I stretch out my jet-lagged legs along the Bund, the promenade lining the Huangpu River. Its colonial buildings were built when she was called a strumpet and owned by who ever paid, usually the American, English, Russian and Japanese lovers. She has since kicked out her international sugar daddies and painted the town red. Portraits of Chairman Mao line the walls of the art nouveau Peace Hotel, the most famous on the strip.
It’s getting late, I grab a plate of dumplings to eat and head over the river to the new-look Shanghai on the east bank, the Pudong district. It was rice paddies fifteen years ago. Now it is home to some of the world’s tallest buildings. The Pearl TV tower, with its two glass spheres suspended in the middle now looks like a quirky grandma.
It’s tempting to not to sleep in a 24-hour city, to carry on. As a delicious compromise, I book a spa treatment for 11pm at CHI Spa, www.shangri-la.com and embark on a Jade Journey to say, ‘Goodnight jetlag.’
Good Morning French Concession! (It’s the best place to snatch some high-octane coffee and take a stroll through Fuxing park to watch everyone doing their morning Tai Chi, ballroom dancing, etc.) The old gangster badlands played host to gambling and opium dens and the odd shooting, while the communists secretly met around the corner. Now the cobblestone lane ways of the Xintiandi are Shanghai’s answer to Covent Garden.

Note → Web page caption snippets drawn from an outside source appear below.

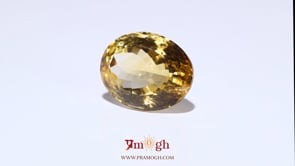 Citrine - 17.15 Carat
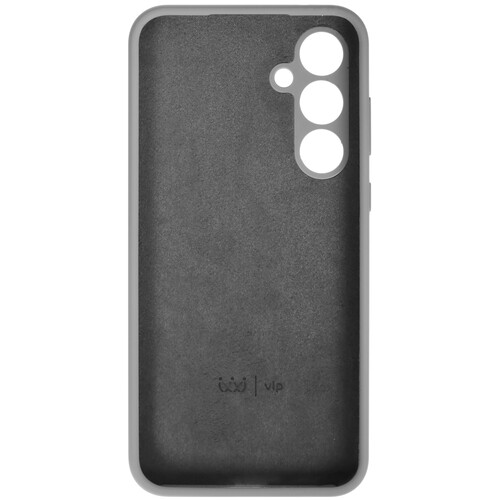 Купить Накладка  VLP Aster Case для Samsung Galaxy A55 серый  5460470. Характеристики, отзывы и цены в Донецке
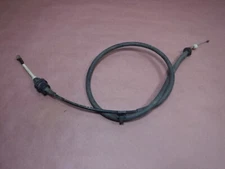 Jeep Wrangler YJ 91-95 Throttle Accelerator Cable 2.5 4 Cyl 4.0 6 Cyl OEM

I stumble out and head north to Nan Jing, the big, famous shopping street in Shanghai and I really feel like I’m in a city of over 16 million people. It’s a surprisingly easy crowd to negotiate and makes me wonder about a comparison, but I cannot think of an instance in the animal or insect world where creatures move through each other in different directions on such a large scale. Ants form orderly queues. Lemmings? Well they’re all heading in the same direction.
The Culture and Sex Museum is about halfway down. I went there last time, but all I can remember are the embroidered shoes made for women who had their feet bound. They were the same size as the shoes worn by today’s chubby cherubs. This time I eschew the sex and stuff for a huge queue outside the bakery opposite. They are buying moon cakes for the moon goddess. It’s the tradition to eat the moon cakes with a cup of tea under the moon when it’s brightest and clearest.
Later, I sip champagne and watch the moon over Shanghai’s matter hatter’s tea party of a skyline from the Jade on 36 Restaurant, www.jadeon36.com
When have you fallen in love with a city?